Saturday, April 12, 2025

Embarrassment, Anger, and Pride Prompting Chuvash Activists to Try to Save Their Language

Paul Goble

    Staunton, Apr. 10 – Embarrassed that they don’t know their national language when members of other nations know theirs, angry that Russian officials and Russian speakers generally treat them as inferior, and pride in their own nation and its past are combining to prompt ever more Chuvash to take actions to try to save their language.

    Members of the one million-strong Christian Turkic nation of the Middle Volga, two-thirds of whom live in their titular republic and have watched the use of their language decline dramatically over the last decade, are taking a variety of actions to change that last trend, the Regional Aspect portal says (regaspect.info/2025/04/11/vse-my-russkie/).

    In a 4,000-word article which has its title “Are we all Russians?” from the experience of some Chuvash who sing a song entitled “We are all Chuvash” translated by a Russian into “We are all Russians,” their various paths in life to this point and their current efforts are described in detail.

    In Soviet times, Chuvash was not taught in most schools; but from the 1990s to 2017, it was a required subject and 84 percent of all pupils studied it. Now, after Putin’s decision to make the study of non-Russian languages completely voluntary, the share has fallen to less than half, something that puts the future of Chuvash at risk but is also angering many.

    The older generation, especially in the villages, still knows Chuvash, but it has done little to pass it on to their children. And one of the most remarkable aspects of the rebirth of interest in Chuvash is that it has come from and been led by young adults who feel they have been deprived of an important part of who they are.

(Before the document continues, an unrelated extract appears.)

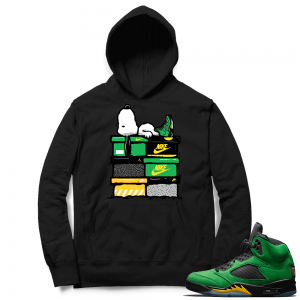 Oregon 5s sneaker Hoodie - Black - Snoopy Sneakerhead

    Many of those involved are teachers of other languages who have been shocked into what it means that they don’t know their own. One Chuvash student of Esperanto who is now a leading Chuvash activist was challenged by another Esperanto speaker with the question: “Do you know that if you don’t learn Chuvash, in 50 years, your language will be dead?”

    Others have come to linguistic activism through art and music because of their familiarity with the way in which those aspects of life are interconnected with language. A karaoke program is getting more people to learn Chuvash, and Internet courses have sprung up to teach Chuvash to people not only in the republic but far beyond it.

    But perhaps the most striking characteristic of this new language movement is the gender of those leading it. Until a few generations ago, Chuvash culture  was completely patriarchal; but now it has acquired a woman’s face, activists say – and the leaders of this linguistic and cultural revival are almost exclusively female.